# [Task]
What's needed is an exact copy of all the data below, without pictures.
§ §
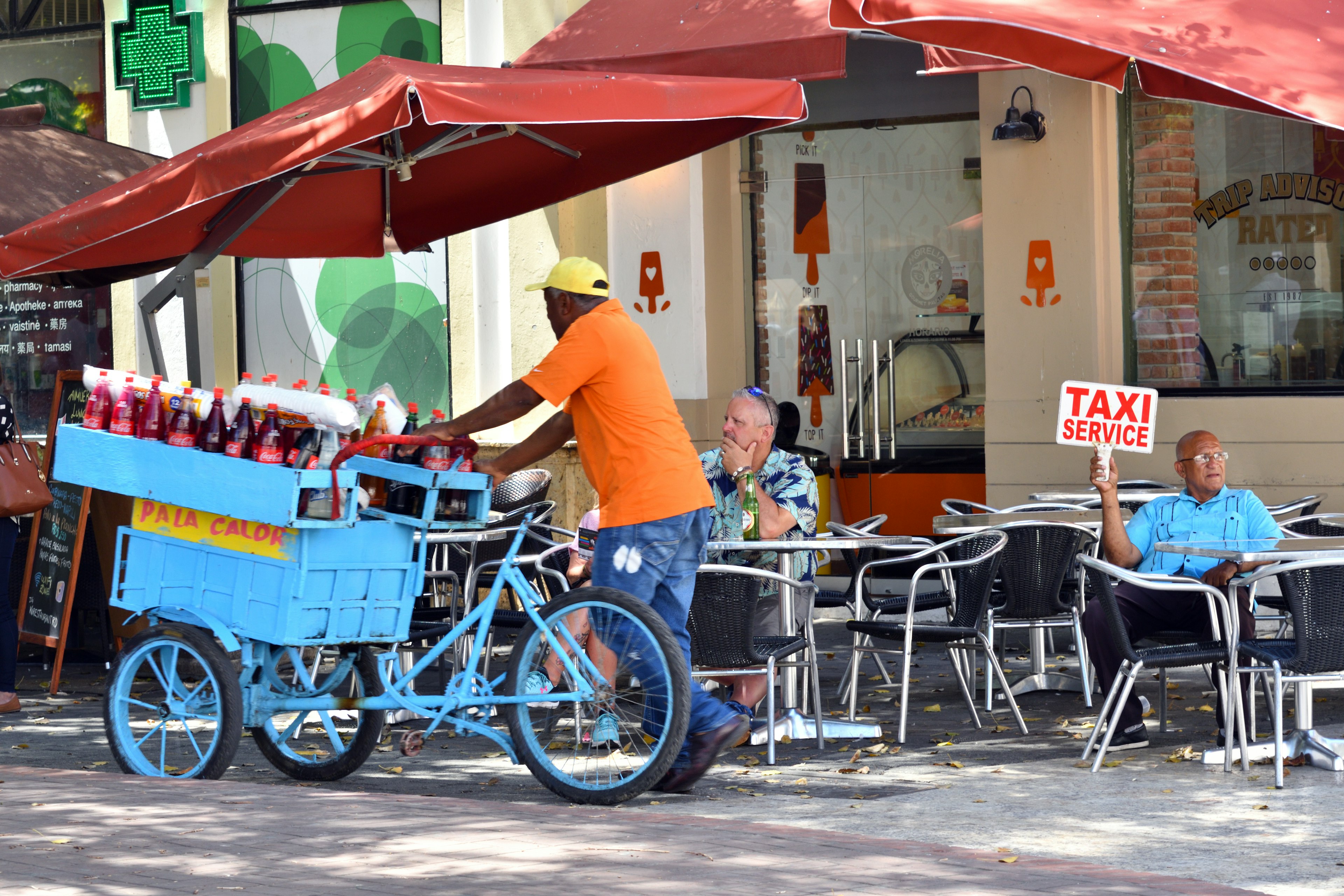 A taxi driver looking for passengers while a drinks cart passes in Santo Domingo, Dominican Republic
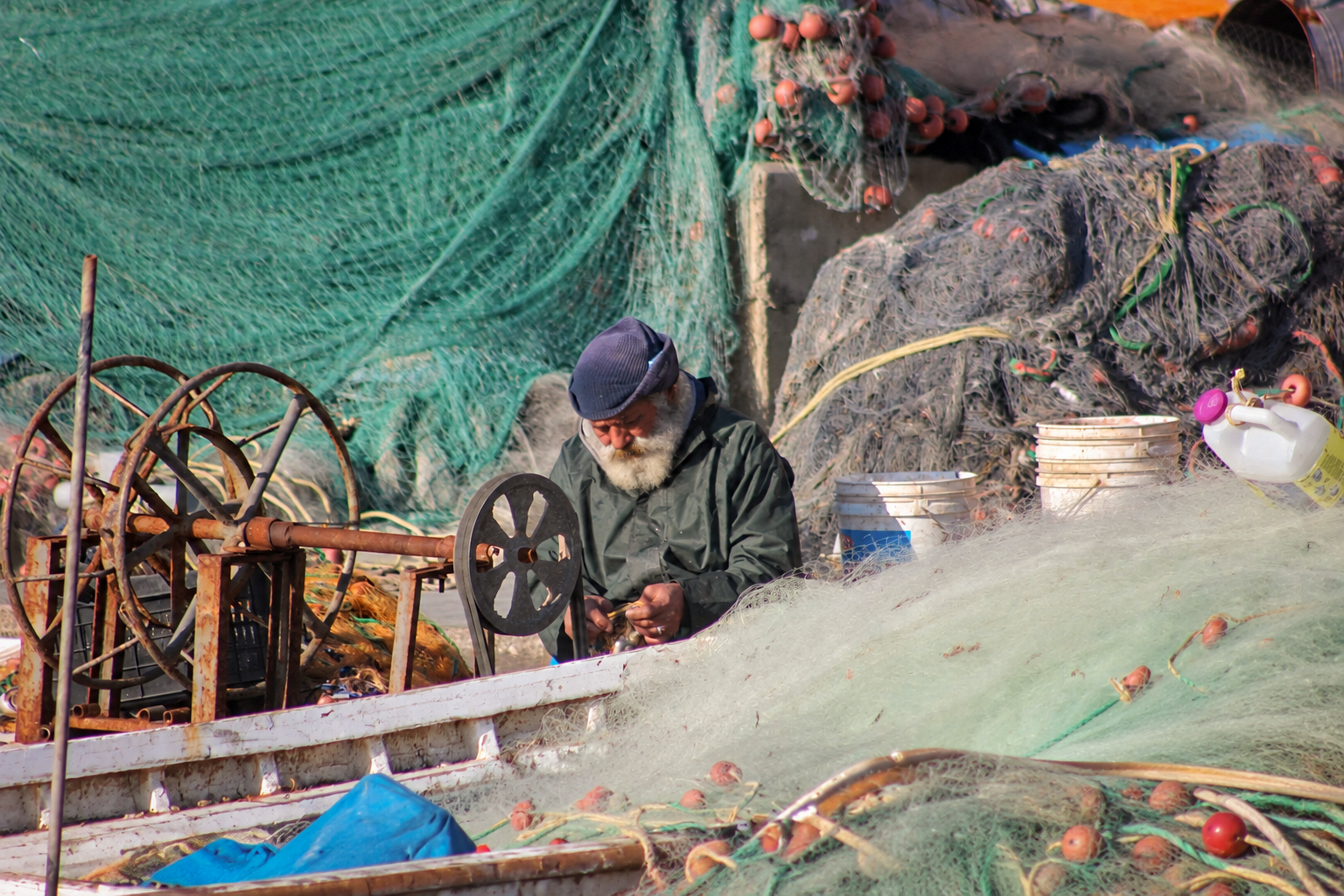 A fisherman at work among nets and winches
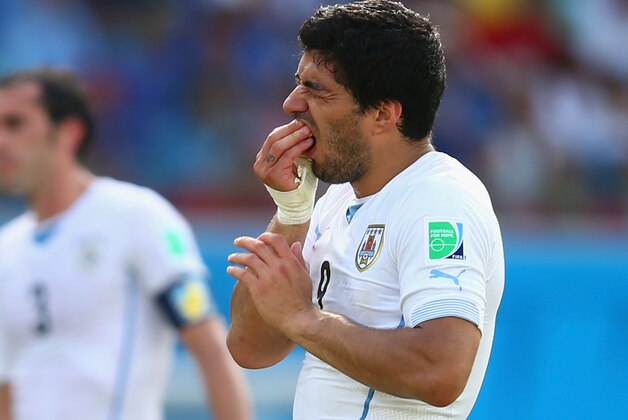 NATAL, BRAZIL - JUNE 24:  Luis Suarez of Uruguay reacts during the 2014 FIFA World Cup Brazil Group D match between Italy and Uruguay at Estadio das Dunas on June 24, 2014 in Natal, Brazil.  (Photo by Clive Rose/Getty Images)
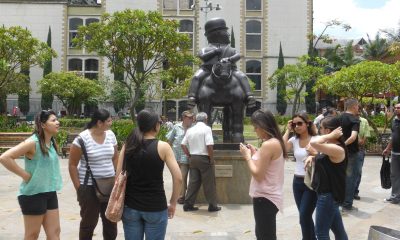Visitors gather around Fernando Botero's bronze Hombre a caballo in Plaza Botero, Medellín.
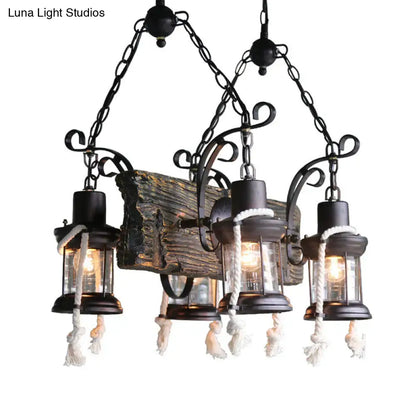 Black wrought iron island lamp with three lantern lights, glass enclosures, and white hemp rope tassels at bulb base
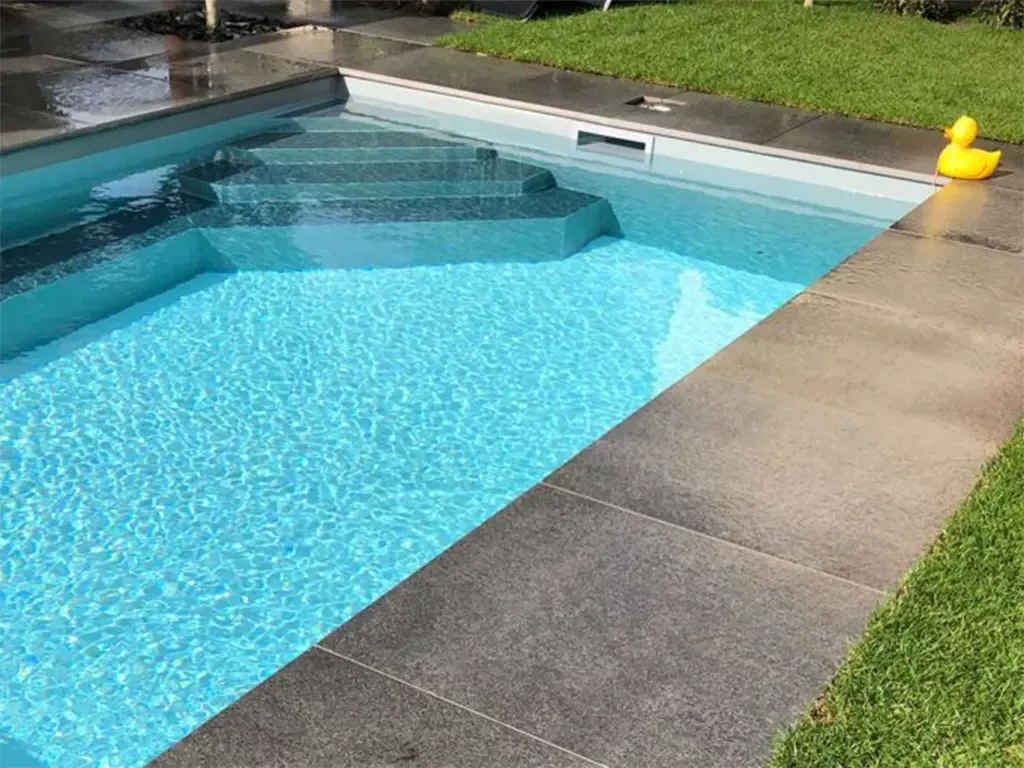 Moderne Poolumrandungen aus Steinplatten am Swimmingpool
§ §
# [Exercise solution]
 A taxi driver looking for passengers while a drinks cart passes in Santo Domingo, Dominican Republic
 A fisherman at work among nets and winches
 NATAL, BRAZIL - JUNE 24:  Luis Suarez of Uruguay reacts during the 2014 FIFA World Cup Brazil Group D match between Italy and Uruguay at Estadio das Dunas on June 24, 2014 in Natal, Brazil.  (Photo by Clive Rose/Getty Images)
Visitors gather around Fernando Botero's bronze Hombre a caballo in Plaza Botero, Medellín.
 Black wrought iron island lamp with three lantern lights, glass enclosures, and white hemp rope tassels at bulb base
 Moderne Poolumrandungen aus Steinplatten am Swimmingpool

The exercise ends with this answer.